Ту-16 тоже "полно" помимо Монино, есть в музеях в Дягилево и Энгельса, кроме того стоит на постаментах в Дягилево, Шайковке, Воздвиженке, на Украине тоже где то есть..
Но если Вас интересуют "нулёвые" машины, то скорей всего таких уже не найти..

----------


## vomit airways

2Аn-Z, Strannik, Жора.
Пока надеюсь на живущих в вышеперечисленных городах энтузиастах.Неужели же ходють мимо такой красоты и не отсняли подетально всякие там вкусности и  заклёпочки? Машины-то культовые!
А на Ту-16 в Монино по верхам ведь не полазишь?
По нему(Ту-16)у меня есть:
   два здоровенных толмута каталога деталей планера 1957г.(с                великолепной графикой) на самолет Ту-16А
   техописание планера с подробнейшей геометрией
   техописание на пушечное вооружение
   кое что из описаний авиационного и радиооборуд.
   куски из руководства по обслуживанию и ремонту
   нивелировочные схемы и т.д. и т.п. 
   фото фрагментов планера с разделки с натурными замерами.
А вот живую машину самому с камерой пощупать так и не удается...
Особенно интересует фото подробного расположения оборудования под остеклением штурманской кабины.
В 90-х годах Ту-16 разделывали на 20-ом АРЗ в Пушкине. Вот те машины от "нулёвых",практически, не отличались. Есть фото П.Батуева,но опять таки "общаки", а не "валки".

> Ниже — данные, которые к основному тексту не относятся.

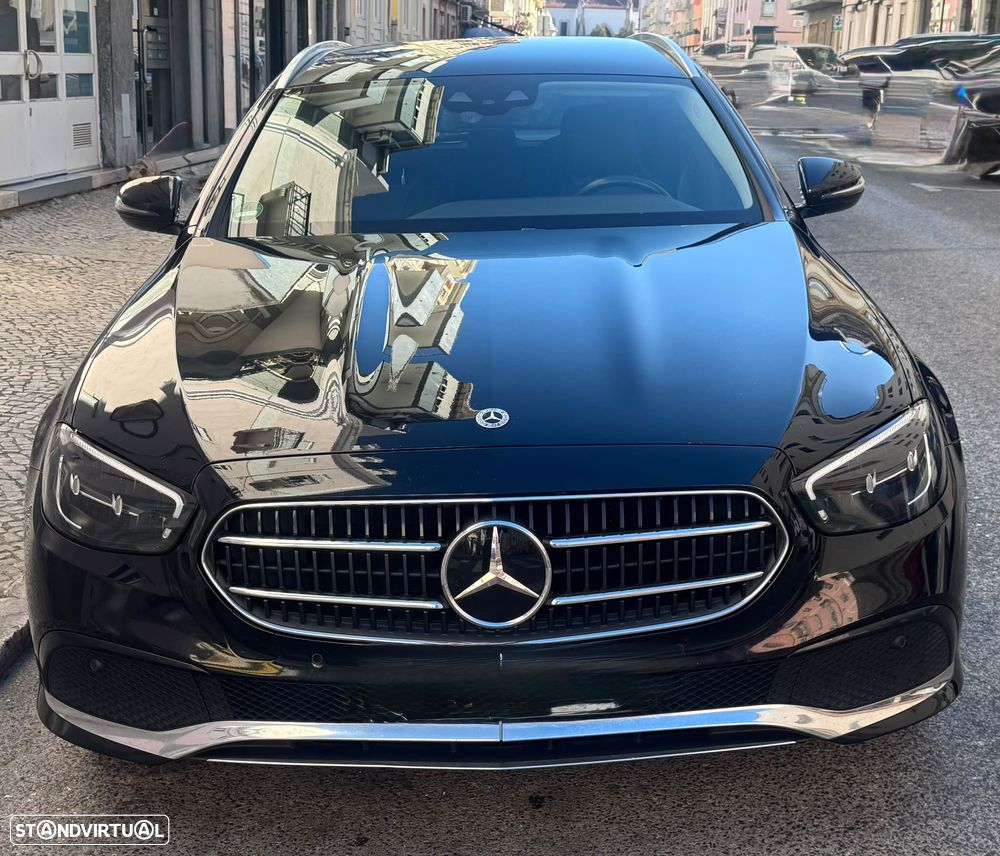 Mercedes-Benz E 300 2022 photo 2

Что же касаемо МиГ-19, то сам отснять могу только то,что найду ближе к Питеру и при свободном доступе к аппарату.

С уважением.

----------


## An-Z

В "галерее" кто то выкладывал фотки с Монино, подозреваю из группы энтузиастов помогающих музею, их пускают и внутрь машин, вот кого надо попросить.. мне как то довелось побывать в Ту-4, внутри практически всё цело, часов нет, ну и так по мелочам.. думаю и Ту-16 в хорошем состоянии.

----------


## vomit airways

> В "галерее" кто то выкладывал фотки с Монино, подозреваю из группы энтузиастов помогающих музею, их пускают и внутрь машин, вот кого надо попросить.. мне как то довелось побывать в Ту-4, внутри практически всё цело, часов нет, ну и так по мелочам.. думаю и Ту-16 в хорошем состоянии.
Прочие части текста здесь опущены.